Best case runtime: O(n) when every job is part of the same closure
Worst case: O(n^2) when every job is in a different closure by itself
public Set<Set<Job>> getClosures(Set<Job> jobs) {
Set<Set<Job>> closures = new Set<Set<Job>>();
Set<Job> currentClosure = null;
while (!jobs.isEmpty()) {
// Reset current closure
currentClosure = new Set<Job>();
// Grab some job that hasn't been added to any closure yet
Job currJob = getNextJob(jobs);
// Remove job from remaining jobs and add to current closure
jobs.remove(currJob);
currentClosure.add(currJob);
// Compute closure of current job
Queue<Job> jobsAddedToClosure = new Queue<Job>();
jobsAddedToClosure.enqueue(currJob);
while (!jobsAddedToClosure.isEmpty()) {
Job job = jobsAddedToClosure.dequeue();
for (Job j : jobs) {
// If a job not added to any closure yet intersects with this job,
// add it to this closure and remove it from the set of jobs not
// added to any closure
if (intersects(j, job)) {
currentClosure.add(j);
jobsAddedToClosure.enqueue(j);
jobs.remove(j);
}
}
}
// Add closure of current job into result set
closures.add(currentClosure);
}
return closures;
}
Sort list of jobs by start and end times (in that order). Iterate through resulting list checking for overlaps. This requires only one iteration since sorting this way guarantees that if job i does not overlap with job i-1, then all jobs i and later do not overlap with any jobs i-1 and earlier.
First, each job needs to implement Comparable, ex:
public int compareTo(Job j) {
if (this.start < j.start) return -1;
if (this.start > j.start) return 1;
if (this.end < j.end) return -1;
if (this.end > j.end) return 1;
return 0;
}
public Set<Set<Job>> getOverlappingSets(Job [] jobs) {
Set<Set<Job>> overlappingSets = new Set<Set<Job>>();
if (jobs == null || jobs.length == 0) {
return overlappingSets;
}
// Sort jobs ascending based on start times, then end times
Arrays.sort(jobs);
// Compute overlapping sets
// Start with adding first job
Set<Job> currentOverlappingSet = new Set<Job>();
currentOverlappingSet.add(jobs[0]);
int prevEnd = jobs[0].end;
for (int i = 1; i < jobs.length; i++) {
// If this job overlaps with the previous job's end
// add it to the current set and update prevEnd
if (jobs[i].start < prevEnd) {
currentOverlappingSet.add(jobs[i]);
prevEnd = jobs[i].end;
} else {
// This job does not overlap
// Add previous set to results if it has overlaps
if (currentOverlappingSet.length > 1) {
overlappingSets.add(currentOverlappingSet);
}
// Start new set and add this job to it
currentOverlappingSet = new Set<Job>();
currentOverlappingSet.add(jobs[i]);
}
}
return overlappingSets;
}
Runtime: O(nlgn) mainly due to sort operation
It's important to understand why we need to sort by start times then end times.
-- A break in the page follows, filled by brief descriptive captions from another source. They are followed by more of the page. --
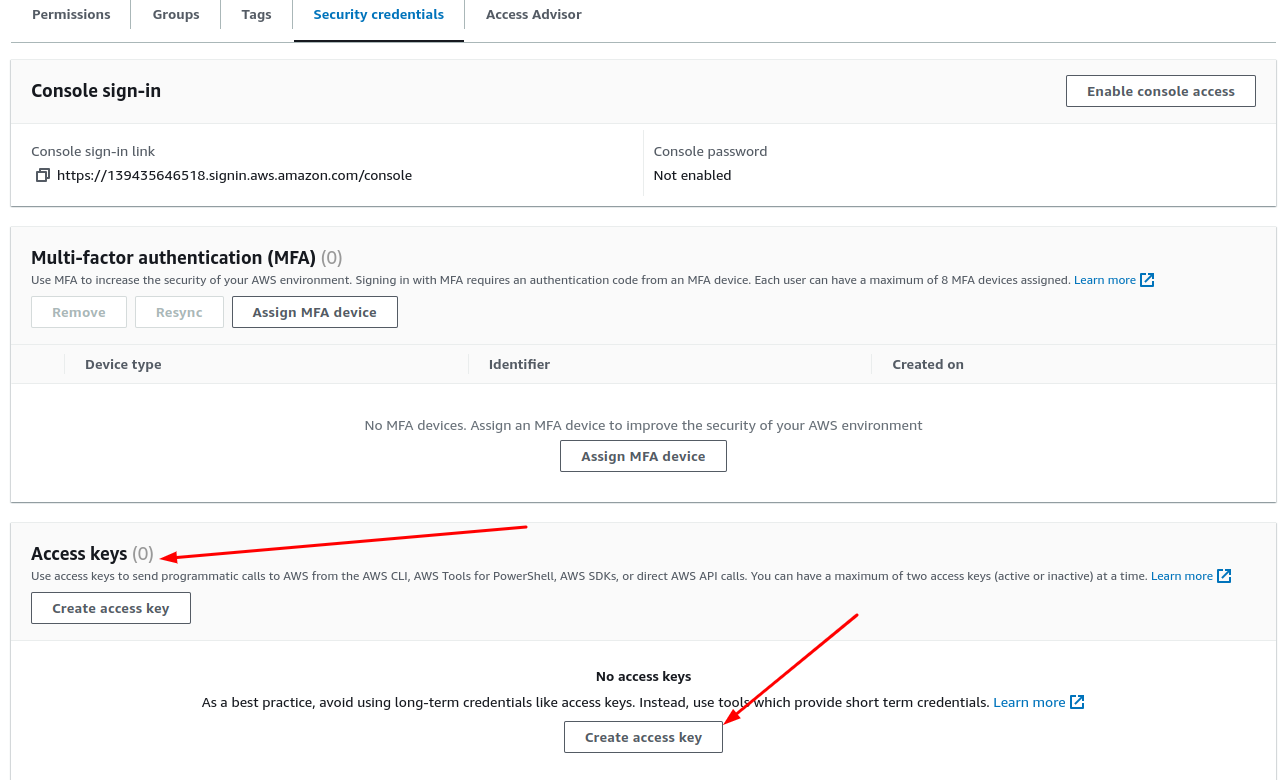 AWS Lightsail - User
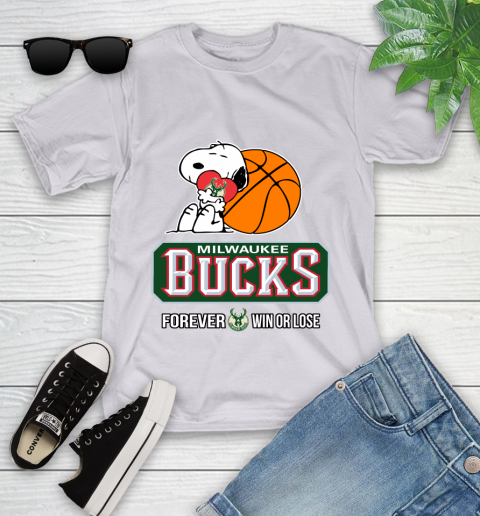 NBA The Peanuts Movie Snoopy Forever Win Or Lose Basketball Milwaukee Bucks 106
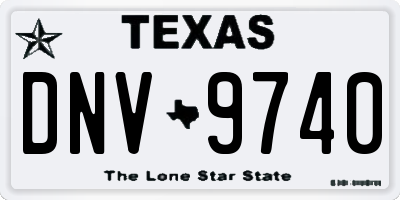 TX license plate DNV9740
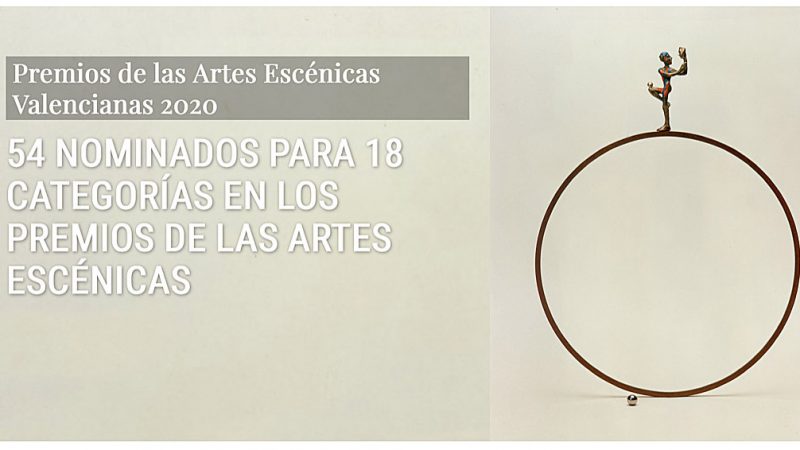 Conoce los nominados a los Premios de las Artes Escénicas Valencianas 2020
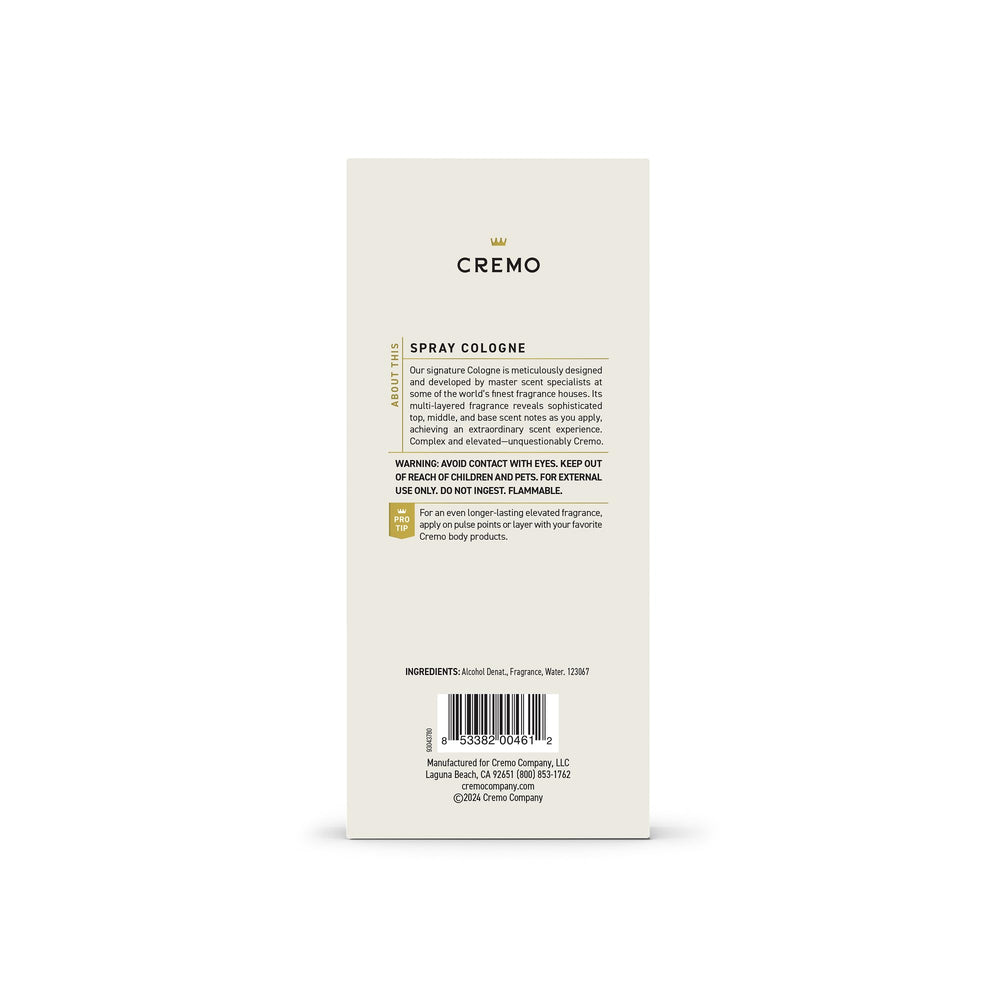 Presentation of Cremo Blue Cedar & Cypress fragrance for office or weekend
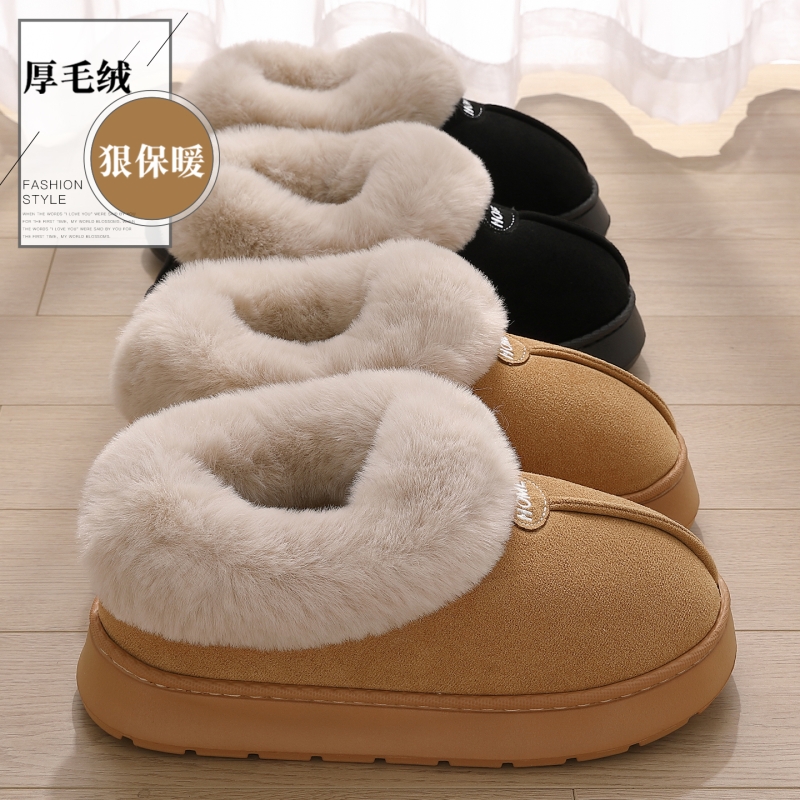 棉拖鞋女款包跟冬季2025新款室内家居勃肯鞋厚底加绒保暖棉鞋外穿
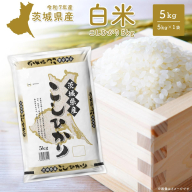 【令和7年産/白米】 〈令和8年1月内発送〉こしひかり 5kg 茨城県産 米 小分け 2025年産 K2670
This primarily allows us to iterate over the jobs in a single pass.
We couldn't accomplish this if we sorted first by end times.
Ex. [1,5], [7,10], [3,15] does not guarantee that if job i does not overlap with job i-1 that job i+1 will also not overlap. In this case, you'd have to back-track to figure out that [7,10] actually should be included.
This wouldn't work if we just sorted by start times either.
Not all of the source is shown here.